The Effect of MEBT on Epidermal Regenerative Stem Cells
Xu Ronxiang, Xu Zenglu
China National Science and Technology Center for Burns, Wounds and Ulcers, Beijing, 100053
[Abstract] Objective: To investigate the mechanism of the effect of MEBT on the spontaneous repair of fatty layer burn wound of superficial third degree burn. Method: Immunocytochemistry method---biotin-avidin DCS system, indirect immunofluo rescence technique (IFT) was applied. Mouse antihuman type 19-keratin monoclonal antibody (McAb) was used to detect epidermal regenerative stem cells. Results: Epidermal regenerative stem cells emerged in 24 hr post burn and the number of epidermal regenerative stem cell increased on day 4 post burn. On days 7 and 14 post burn, the number of epidermal stem cells increased to the peak. On days 21 and 28 post burn, the number of epidermal stem cells decreased. Conclusion: MEBT has the effect of promoting the activation and proliferation of regenerative epidermal stem cell in the residual surviving tissue of superficial third degree burn wounds.

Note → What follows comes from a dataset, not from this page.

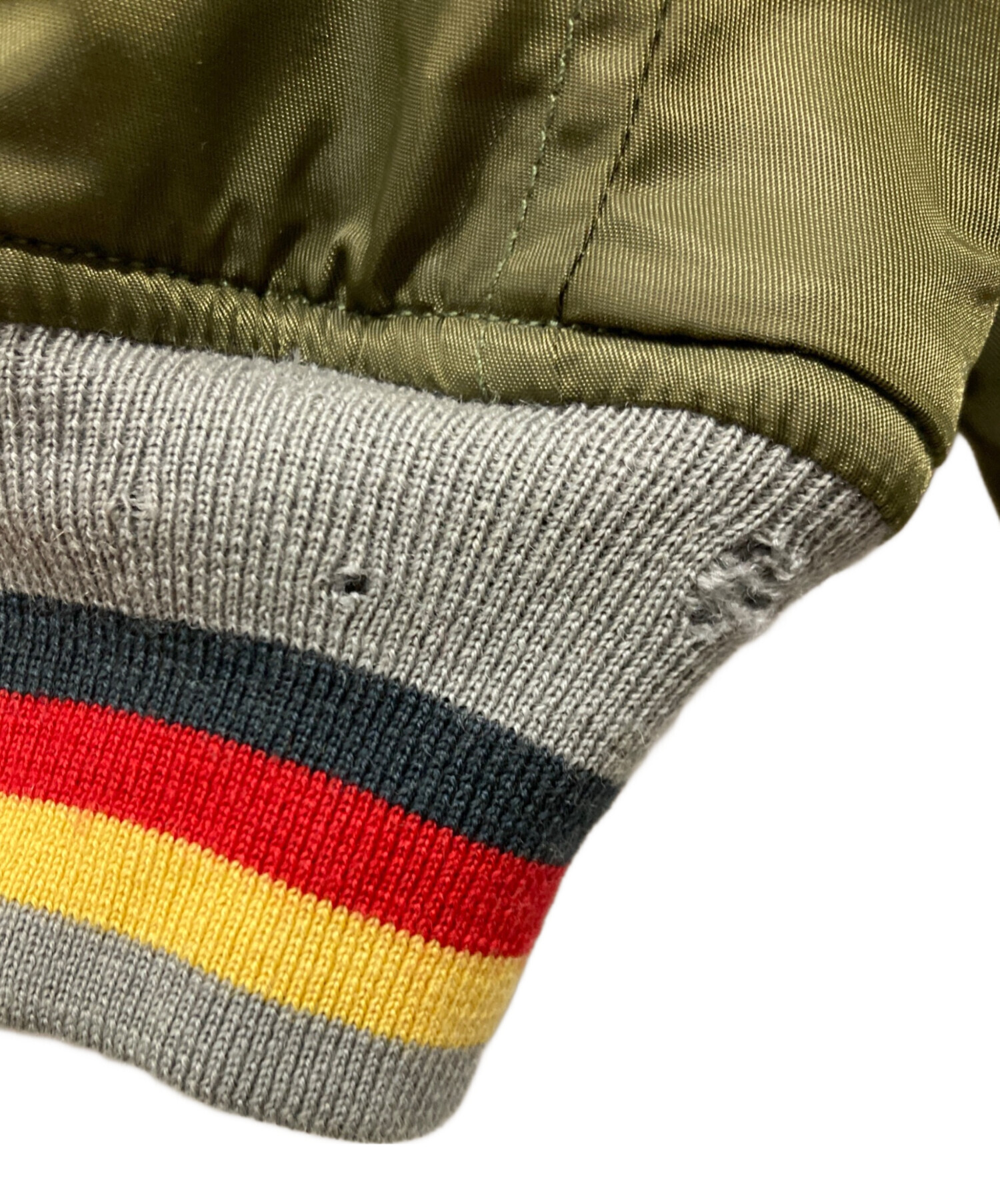 中古・古着通販】EVISU (エヴィス) MA-1 リバーシブルフライト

[Key words] Burn; MEBT; Epidermal stem cell; Immunocytochemistry
As an innovative therapeutic system in burn therapy, BRT with MEBT/MEBO has enjoyed wide clinical acceptance as part of a protocol including the topical drug MEBO. This therapeutic system successfully solved four major clinical problems: pain, wound infection, progressive necrosis, and scarring of deep II-degree burn wounds. Recently, a new landmark innovation, the regeneration and replication of skin tissue in the subcutaneous fat tissue of full-thickness burn wound, has been accomplished by this innovative protocol. We know that no stem cells remain in the basal layer of epidermis of deep second-degree and superficial third-degree burn wounds. Therefore, we investigated the source of the regenerative epidermal stem cells which makes the fatty layer burn wound repair spontaneously. This study was designed to observe dynamic changes in the regenerative epidermal stem cells of deep burn wound tissues using the immunocytochemistry method.
MATERIALS AND METHODS
Tissue samples were taken from both normal skin and burn wounds of the following two burn patients who received BRT with MEBT/MEBO treatment as first aid immediately after the burn incident.

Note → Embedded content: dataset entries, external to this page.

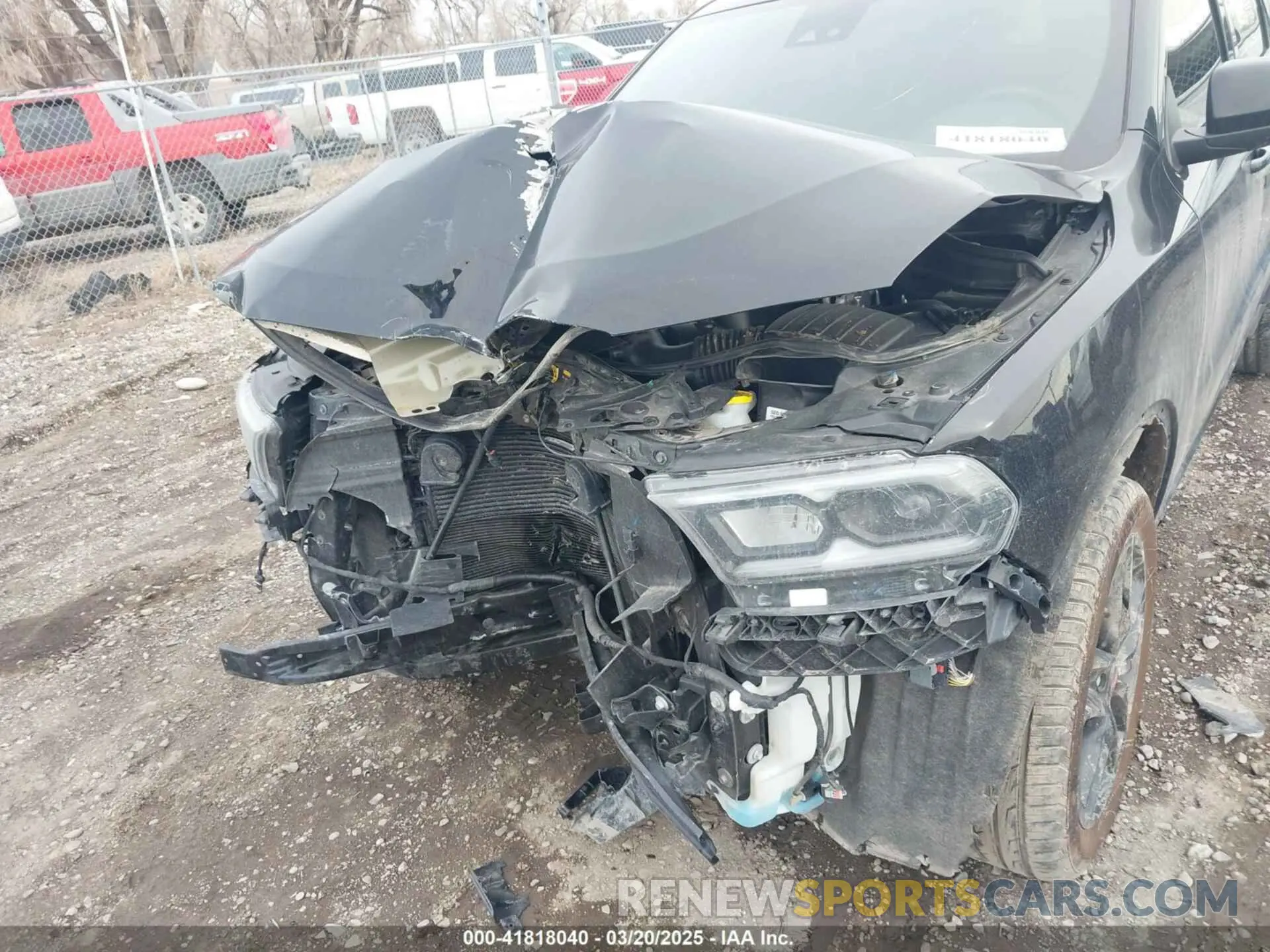 6 Photograph of a damaged car 1C4RDJDG7PC637517 DODGE DURANGO 2023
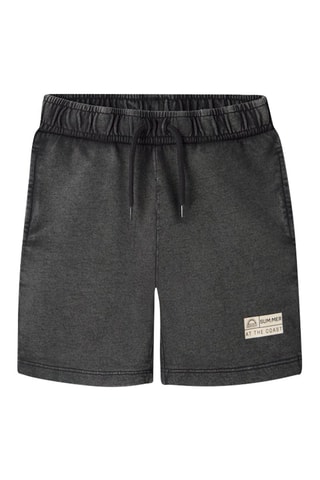 Biologisch Katoenen Short Regular Fit -  Zwart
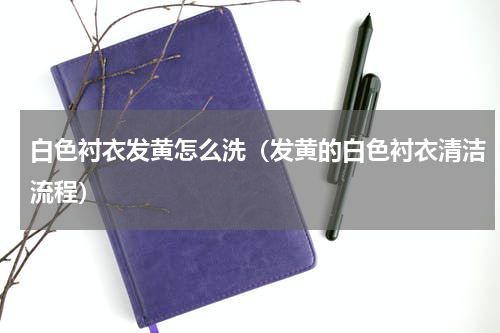 白色衬衣发黄怎么洗（发黄的白色衬衣清洁流程）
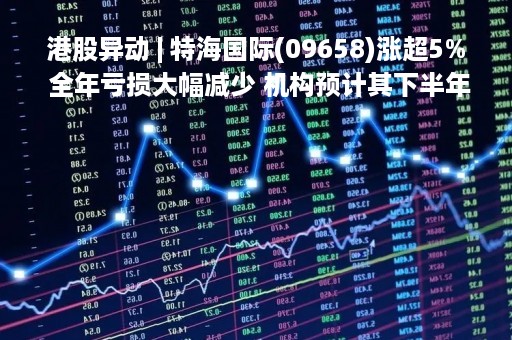 港股异动 | 特海国际(09658)涨超5% 全年亏损大幅减少 机构预计其下半年业绩显著超预期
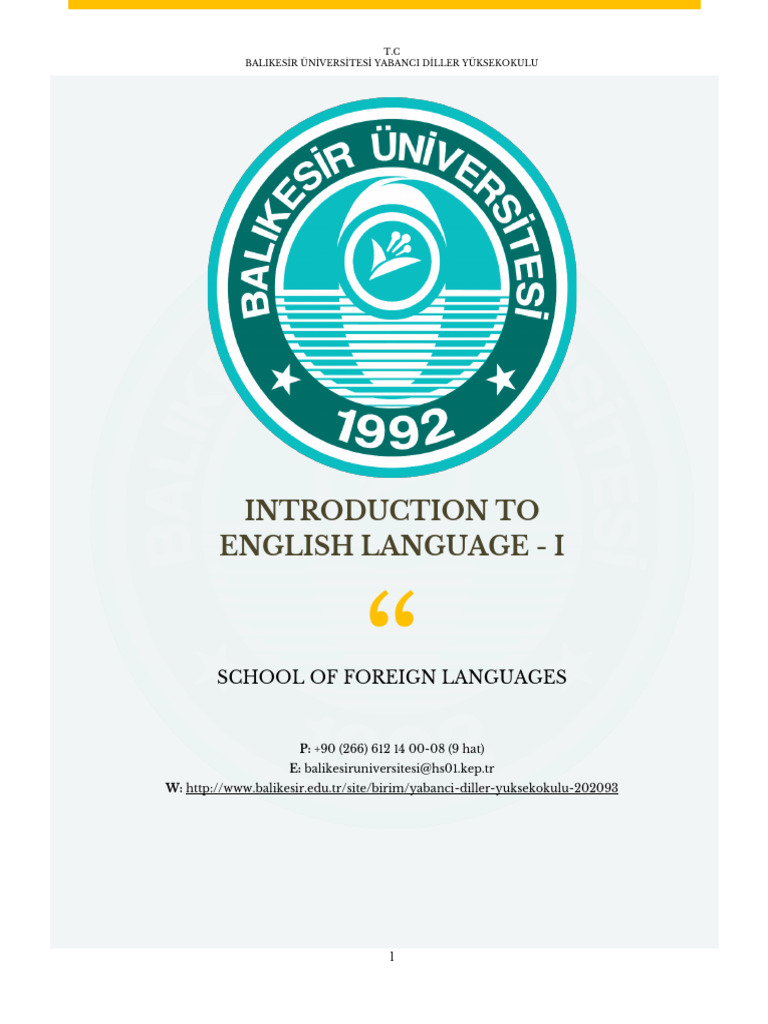 Introduction to english language i pdf social media popular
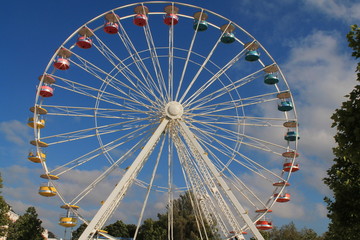 Grande roue de La Rochelle, France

Case 1: A 6 year-old boy was scalded by hot water at his back and both lower limbs with area of 33 % TBSA, and depth of deep second-degree.
Case 2: A 24-year-old male sustained flame burn at his four extremities with area of 25 % TBSA, and depth of deep second-degree and superficial third-degree.
Tissue samples of the injured areas were taken from wounds of the 2 patients at 24h and on 4, 7, 14, 21 and 28 days postburn. The samples were placed in plastic tubes and frozen immediately in liquid nitrogen, then embedded in Tissue-Tek OCT Compound and frozen with liquid nitrogen. Sections of a 10 ?m thickness were made in a constant freezing microtome.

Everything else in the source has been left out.